As with the patriarchates of Alexandria and Jerusalem, communication between Rome and Antioch was not as easy as between Rome and Constantinople. Nevertheless, documentation between Antioch and Rome exist such as when in 1052 Patriarch Peter III of Antioch send news of his appointment to Leo IX and asked him to send a profession of faith back as the popes had not been commemorated in the diptychs for 30 years. After Michael I Cerularius had excommunicated the Latin Church in 1054, informed also Peter III whose reply shows the non-importance he and many others maintained toward the events of 1054; Peter maintained the Latins were their brothers but that their thinking was prone to error and that as barbarians they should be excused from a precise understanding of orthodoxy. In 1085, the city was captured by Sultanate of Rum but it was allowed that John the Oxite, the newly appointed patriarch by emperor Alexios I Komnenos could live in the city. When the army of the First Crusade appeared before the walls of Antioch, John was imprisoned by the city's governor and subject to torture in front of the eyes of the crusaders. After the conquest of the city in June 1098, John was released and reinstated by the spiritual leader of the crusader, Adhemar of Le Puy, as patriarch of Antioch. After Adhemar's death, the Norman Bohemond of Taranto established himself as prince of Antioch and went in opposition to Alexios I in 1099/1100, forcing John to leave the patriarchate due to his suspected loyalty to the Byzantine Emperor. Bohemond selected a Frankish cleric loyal to him as new patriarch, thus starting the Latin Patriarchate of Antioch.

The Western influence in the area was finally ended by the victories of the Muslim Mamluks over the Crusader States in the 13th century. In 1268 the Principality of Antioch came to an end with the brutal conquest of the city by Mamluks which left the significance of the patriarchate, together with the ecclesiastical schisms between Rome and Constantinople and between Constantinople and Alexandria and Antioch, isolated, fractured and debased. The Latin patriarch went into exile in 1268, and the office became titular only. The office fell vacant in 1953 and was finally abolished in 1964.

=== Syriac Catholic schism ===
In Aleppo, the efforts of Jesuit and Capuchin missionaries led some members of the local Syriac Orthodox community to create a pro-Roman faction within their church. In 1667, Andrew Akijan was elected as patriarch, resulting in a schism. After Akijan's death in 1677, two rival patriarchs emerged, one of whom was Akijan's uncle. Until 1782, Syriac Catholics had no patriarch, until the Syriac Orthodox Holy Synod, composed of Catholic-leaning members at the time, appointed Metropolitan Michael Jarweh of Aleppo as patriarch, who immediately proclaimed his allegiance to the Catholic Church, and brought many members of the Orthodox faithful into communion with Rome. This pivotal decision established the leadership of the Syriac Catholic Church, known as the Ignatius Line, which has remained continuous since Jarweh's time.

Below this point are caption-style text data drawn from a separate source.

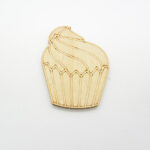 Ξύλινο cupcake σε φυσική απόχρωση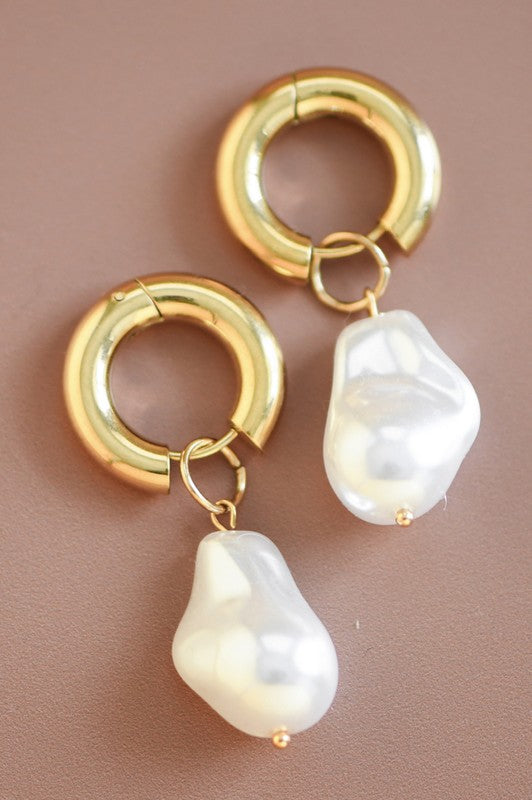 18K Waterproof Non-Tarnish Stainless Steel Pearl Drops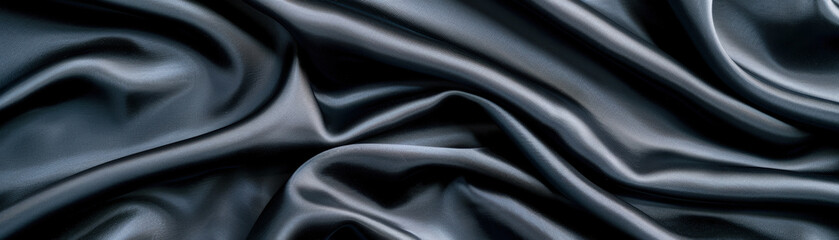 Wall Mural - Smooth, dark satin fabric with elegant folds and a luxurious sheen, creating a soft and sophisticated texture for backgrounds or textiles.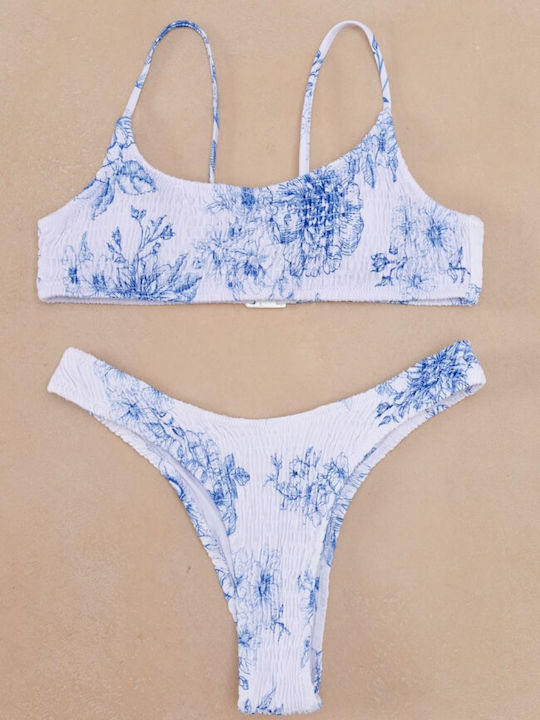 Gigi Bikini Set Sports Bra & Brazil Floral White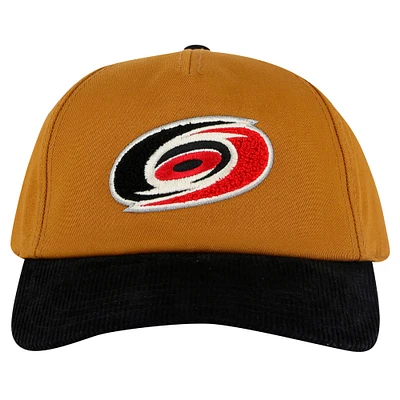 Casquette ajustable Burnett pour homme, couleur marron/noir, style American Needle, Carolina Hurricanes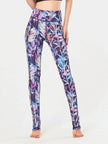 Printed Wide Waistband Active Leggings with Stirrups  Style Ratio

===Melkite split of 1724===
In 1724, Cyril VI was elected Greek patriarch of Antioch. He was viewed as pro-Rome by the patriarch of Constantinople, who refused to recognize the election and appointed another patriarch in his stead. Many Melkites continued to acknowledge Cyril's claim to the patriarchate. Thus, from 1724, the Greek Church of Antioch divided into the Greek Orthodox Church of Antioch and the Melkite Greek Catholic Church. In 1729, Pope Benedict XIII recognized Cyril as the Eastern Catholic patriarch of Antioch and welcomed him and his followers into full communion with the Catholic Church.

== Current patriarchs ==
Today, five churches claim the title of patriarch of Antioch; three of these are autonomous Eastern Catholic particular churches in full communion with the Pope. All five see themselves as part of the Antiochene heritage and claim a right to the Antiochene See through apostolic succession, although none are currently based in the city of Antakya. The presence of multiple patriarchs of Antioch, along with their absence from the city itself, highlights the tumultuous history of Christianity in the region. This history has been characterized by internal conflicts and persecution, especially following the Islamic conquest. As a result, the original Christian population in the territories of the Antiochene patriarchs has been nearly eradicated through assimilation and expulsion, leaving the current Christian community as a small minority.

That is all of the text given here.